Früher war eine Konsole ein Möbelstück im Flur. Heute ist es das Reizwort einer Generation von Computerspielern, die ohne ihre soge- nannten Spielkonsolen à la »Playstation« oder »wii« nicht mehr leben können. Vor allem Fantasie-Rollenspiele boomen: Man wird sein eigener Spielkamerad auf der Jagd nach dem verlorenen Ich.
Der Klassik-Pianist Benyamin Nuss hat nun die Musik des wohl berühmtesten Abendteur-Computerspiels »Final Fantasy« für sein Instrument arrangieren lassen und debütiert damit auf CD und im Konzertsaal. So positioniert er sich als Klavierkünstler clever in der Entertainment-Welt von heute. Und rehabilitiert gleichzeitig ein Genre, das es sonst klischeehaft meist nur in Verbindung mit paramilitärisch-pubertierenden Amokläufern an Schulen ins Feuilleton schafft: Computerspiele.

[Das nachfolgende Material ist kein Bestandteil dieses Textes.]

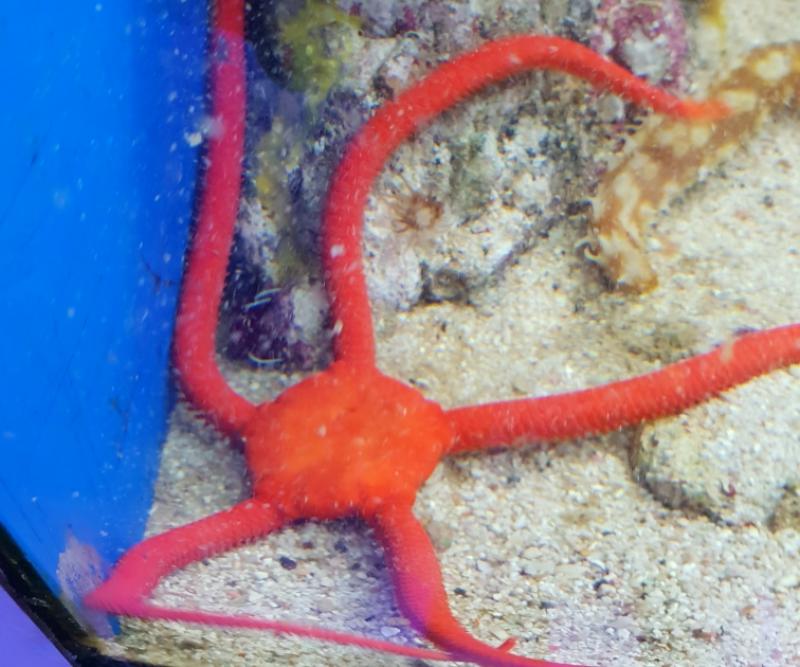 Roter Schlangenseestern - Ophioderma squamosissima Roter Schlangenseestern - Ophioderma squamosissima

Hörerlebnis Aber darf ein Steinway wie eine Playstation klingen? Für Nuss stellt sich die Frage so nicht: »Die Musik von Final Fantasy arbeitet mit Leitmotiven, wie die Oper. Sie ist schon aufgrund der Länge viel intensiver: ein ganzes Spiel dauert 80 Stunden. Es ist auch deshalb ein intensiveres Hörerlebnis, weil man aktiv spielt und nicht nur zuhört. Der Art des Spiels ist leitmotivartig angelegt, die Charaktere und die Themen der Melodien sind eine interaktive Hörwelt.«
Schon als Sechsjähriger wird der 1989 in Bergisch-Gladbach geborene Benyamin Nuss im Elternhaus mit Musik geradezu infiziert: Vater Ludwig ist Posaunist in der WDR Big Band, Onkel Hubert Jazzpianist. Improvisation ist im Hause Nuss grooviges Grundnahrungsmittel. Und bald wird der kleine Nuss die Vibes auch in den eigenen Fingern spüren. So lernt er E- und U-Musik als einen ganzheitlichen Kosmos kennen, ohne zu wissen, dass es solche absurden Pseudo-Parameter überhaupt gibt.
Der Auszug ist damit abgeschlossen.